In our house, seperate to my main PC (see the tab above) we still have two Ivy Bridge-based PCs:
Conny’s PC
- i7-3770K
- 16GB DDR3 RAM
- Nvidea Radeon 970 Graphics Card
- 250 GB SSD
- Windows 10
My wife uses this as her main PC, and plays quite a few games with it. For a CPU and motherboard that I put together in 2011 or so, I am quite amazed it still runs adequetely! It runs the games she wants to play, the most graphically intensive being Deadpool, but it will also cope with Borderlands 2, Skyrim Special Edition, Shadow Warrior 2, and others. She is not interested in the top graphics games, but it runs just fine.
My Second PC
I have a computer that I use for my own programming and tech hobby projects. It used to be a top of the range workstation 2011 and I got it in a hardware disposal sale at Arm Ltd for only £400 in 2019. This is quite the deal, as it included a lisence for Windows 10 (normally costs £100 on its own).
- Intel Xeon E5 2650 v2 8 CPU cores @ 2.60GHz
- 32.0GB DDR3 RAM
- 2048MB ATI AMD Radeon R9 200
- 250GB SSD
- 3TB HD
- Windows 10
I don’t need a powerful graphics card as I don’t game on it, and the Radeon R9 3200 supports my 2560x1440px monitor so it is more than adequete. I have installed VMWare on it and am looking to spin up some virtual machines as servers, and have them running in the background while I am browsing. I could assign several cores and quite a lot of the RAM and not really notice a difference with the light work I do when using the computer.
I am just amazed at how much you can do with these old high-end CPUS. The performance delta between these Ivy Bridge 2011 CPUs today’s processors really isn’t that large, and they are so cheap these days.
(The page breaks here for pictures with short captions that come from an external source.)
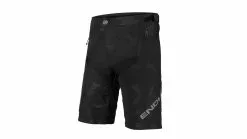 Short MT500JR Mit Innenshorts Endura Schwarz Camo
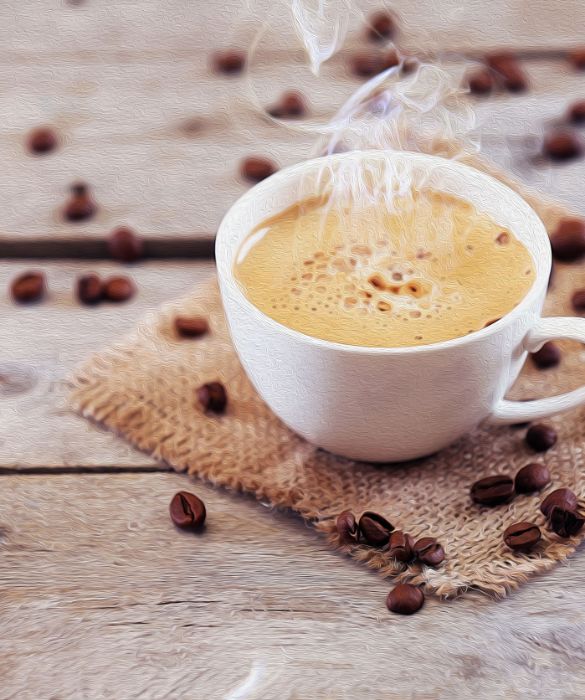 Buona notizia: non dovrete fare a meno di quell’irrinunciabile rito tipicamente italiano, la tazzina di caffè! Ma attenzione, non esagerate con lo zucchero e non aggiungete il latte poiché riduce l’assorbimento di quei nutrienti che attivano la sirtuina. 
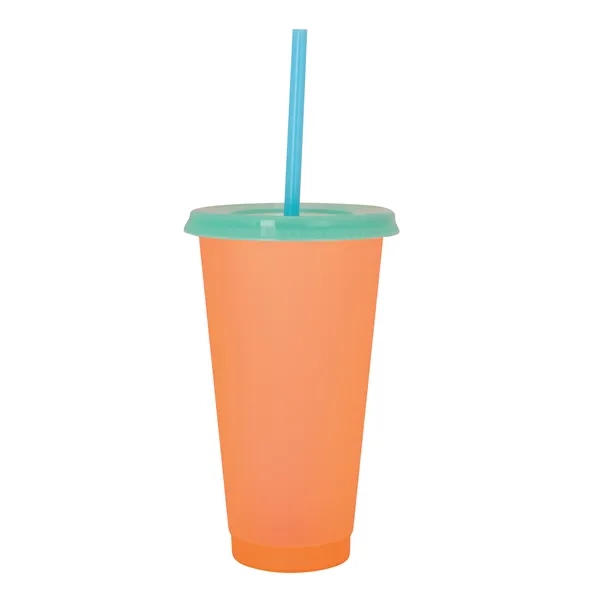 Ronnie Color Changing Tumbler - 24 oz.... from ASI 40480 Koozie Group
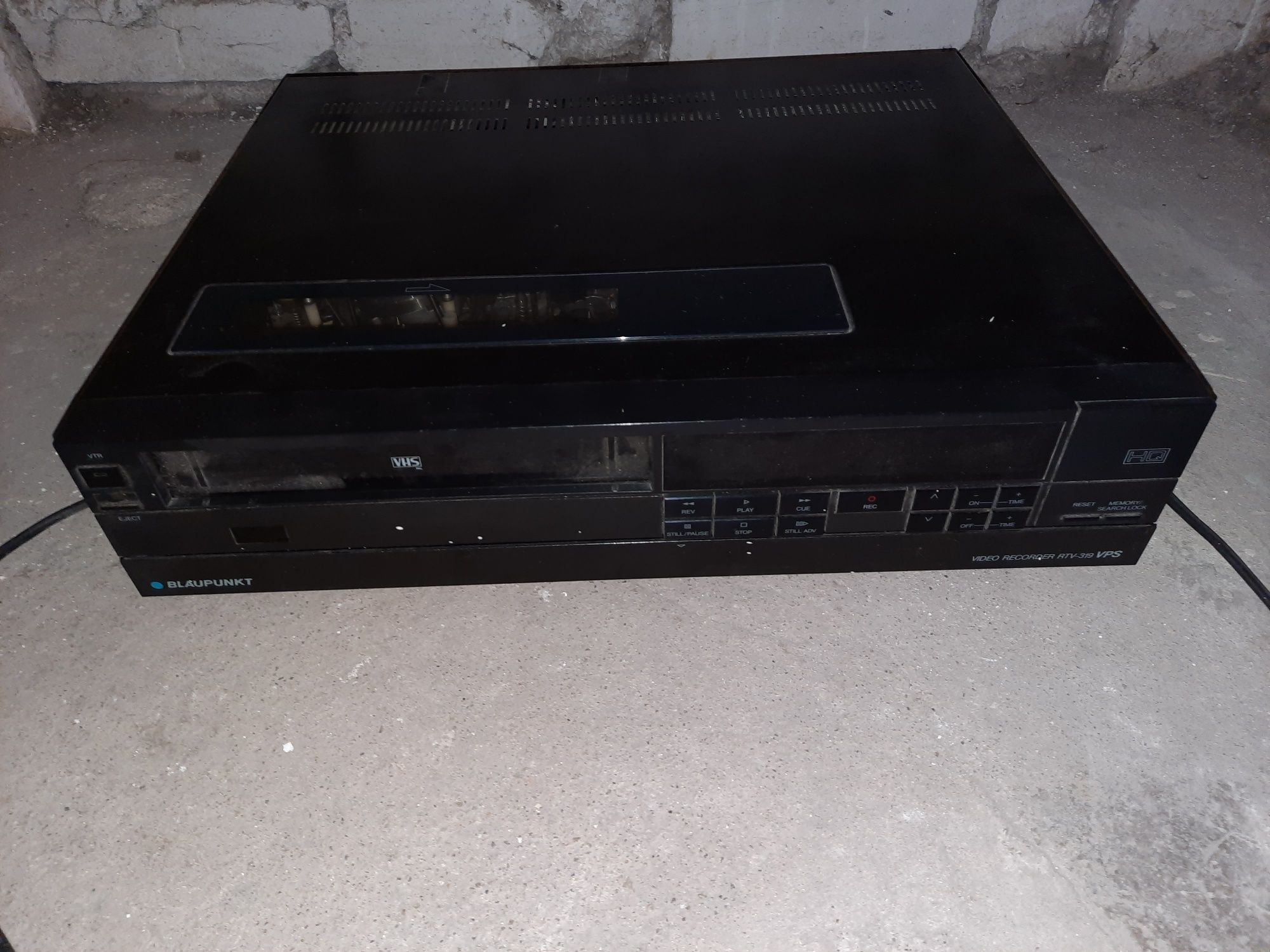 VHS Blaupunkt RTV-319
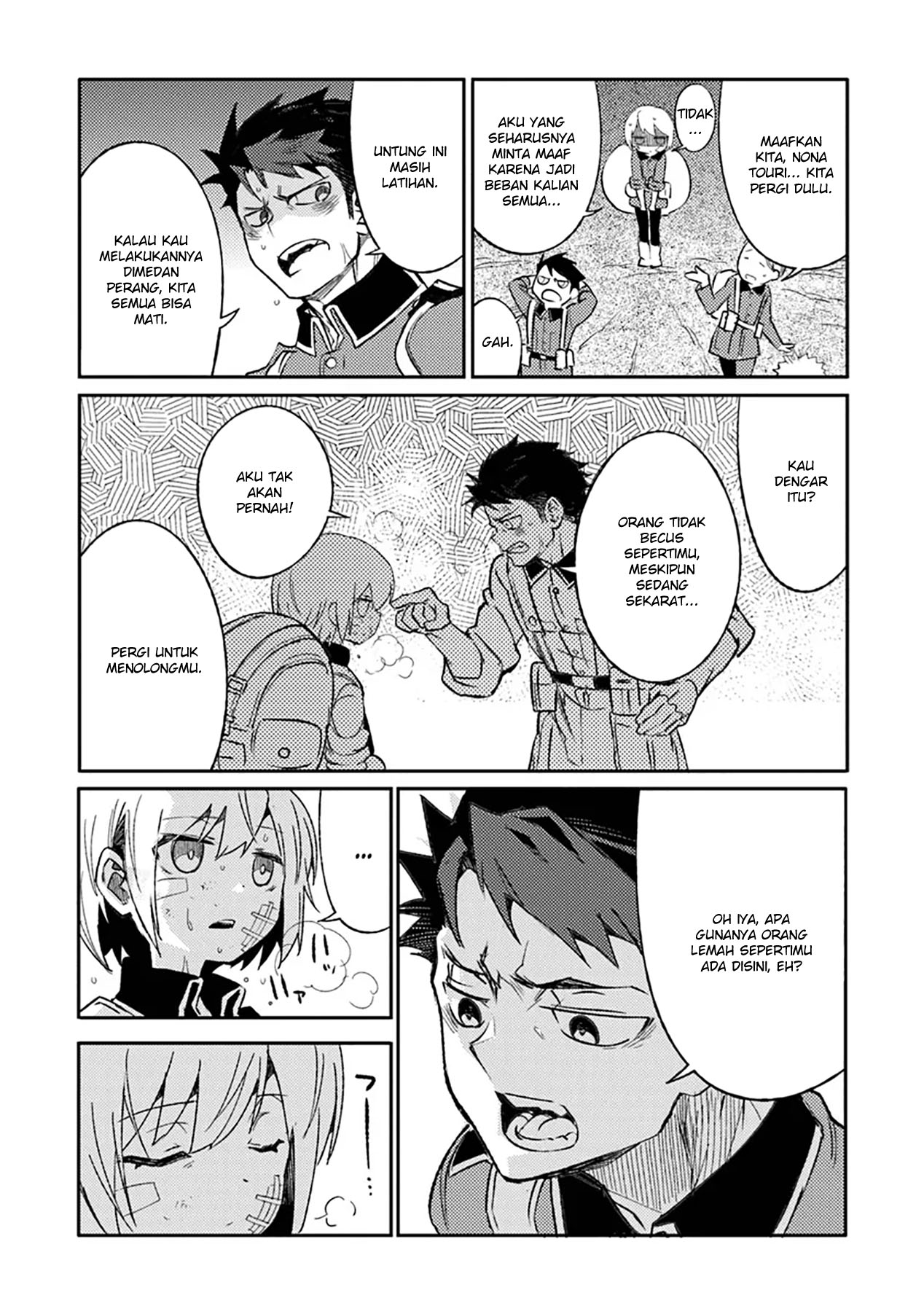 TS Eiseihei-san no Senjou Nikki Chapter 08 Gambar 7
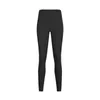 Legginsy Women Designer Luksusowe spodnie dresowe Spodnie jogi ćwiczenia matowe matowe nagie boczne kieszeń brzoskwiniowe rajstopy biodra czyste joggery seksowne czarne joggery bieganie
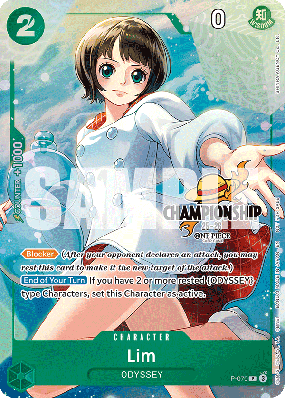 Carte One Piece Lim P-079 P PROMO 3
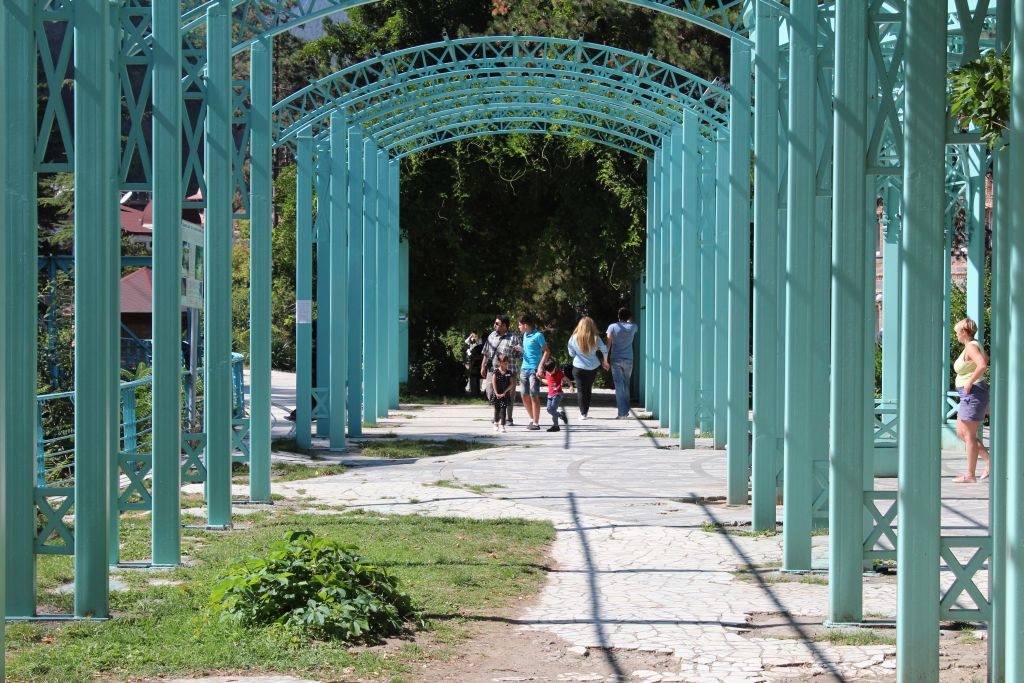 Borjomi mineral water park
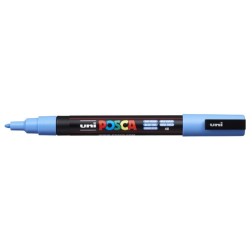 ROTUL-UNI-POSCA PC-3M AZUL CIELO
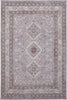 Feizy Francisco 39GBF Gray/Rust Area Rug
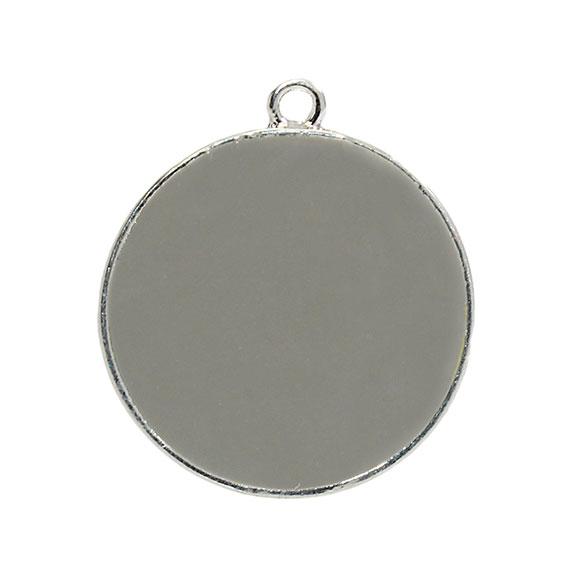 Non-Silver Personalize Vinyl Pendants - Atlanta Jewelers Supply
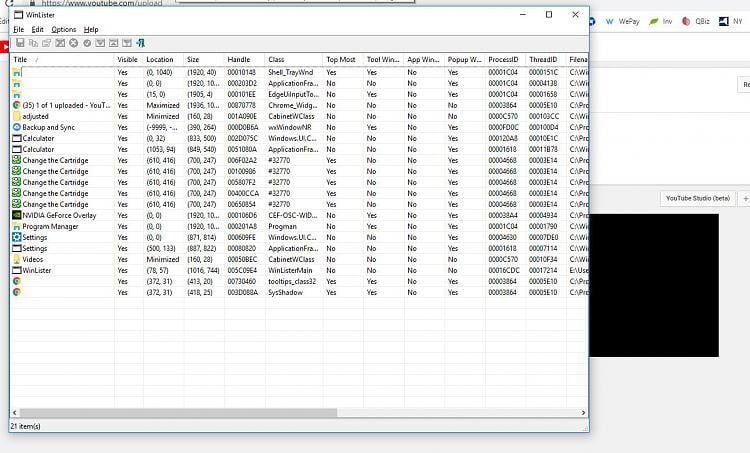 My laptop black screens on startup for a few seconds and the mouse shoots to the middle of... 05423t-black-rectangle-shows-up-middle-screen-mouse-doesnt-work-within-2019-06-29-06_40_48-start.jpg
This following video shows just how cheap you can build one of these setups, and how powerful they are even today:
The only situation where these processors don’t really work hugely well is in applications which emphasise single-core performance – I tried to use my second PC as an Ableton Live machine, and a lot of audio plugins I wanted to use were not optimised for multi-core processors, just single-core, so that didn’t work well.